The key terms that apply to the convertible are set out below and in more detail in the Key Terms document.
• Interest: 8% per annum accruing daily
• Discount: 20%
• Maturity Date: 24 months from signing of the agreement
• Valuation cap: CHF 96.74 per share, which equates to a pre-money valuation of CHF 22,500,079.42 (this equates to EUR 20,985,148.98 taking the exchange rate of 0.93 CHF/EUR as of 27.10.2020).
• Maturity Date Valuation: CHF 96.74 per share, which equates to a pre-money valuation of CHF 22,500,079.42.
• Trigger events include:
o Qualifying financing: Outstanding principal and interest will convert at the lower of (i) the lowest price per share paid in connection with the Qualifying Funding Round, less the Discount and (ii) the Valuation Cap
o Longstop date: Outstanding principal and any accrued interest will convert at the Maturity Date Valuation share price.

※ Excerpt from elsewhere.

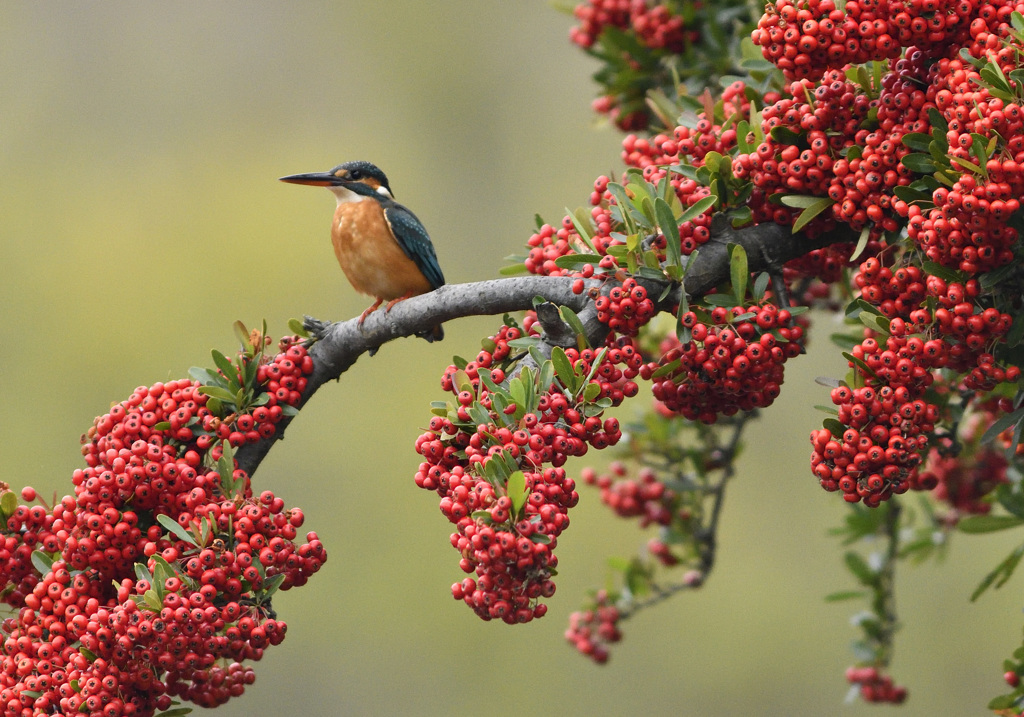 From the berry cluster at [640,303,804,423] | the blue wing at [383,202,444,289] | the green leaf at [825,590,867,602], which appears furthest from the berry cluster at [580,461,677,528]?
the berry cluster at [640,303,804,423]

o Event of default: The Company will repay the Investor 125% of the principal amount and will pay the investor any accrued interest then outstanding.
The company has the following outstanding loans. Funds raised in this round will not be used to pay these loans.
- CHF50k COVID19 loan with repayment in 2024.
- EUR 500k COVID19 loan with repayment starting in May 2021.
- EUR 212k loan with monthly repayment of EUR 9k.
The company also has 411K GBP due to trade or other creditors in the next 6 months for the likes of deferred taxes and social security payments.
Please note that investment representing CHF 1.5m have been reflected in the campaign using a CHF/EUR exchange rate of 0.95. The funds were received by the company at the start of May 2020.
The Company has also received a further CHF600,000 worth of investments on the same terms as this round, but this has not been reflected in the campaign as it was invested more than 6 months ago.
The company has 3 classes of shares - Preferred Shares, Preferred Shares 2 and Common Shares.
- The Preferred Shares have a 1.5x non-participating preference on liquidation and exit, and is held by early investors in the company.
- The Preferred Shares 2 have a 1.25x non-participating preference on liquidation and exit, and will be the class of shares issued on conversion of the convertible loan agreement unless a new, more senior class of shares is in existence on conversion.
- The Preferred Shares and Preferred Shares 2 rank equally in priority of distribution. They also both carry broad-based weighted average anti-dilution rights, i.e. the right to be issued shares at nominal value in the event the company issues shares at a price below the original issue price of the shares (which were CHF 70.96, CHF 159.45 and CHF 201.97 for each of the three rounds in which the preferred shares were issued).
- The Common Shares carry no preference or anti-dilution rights.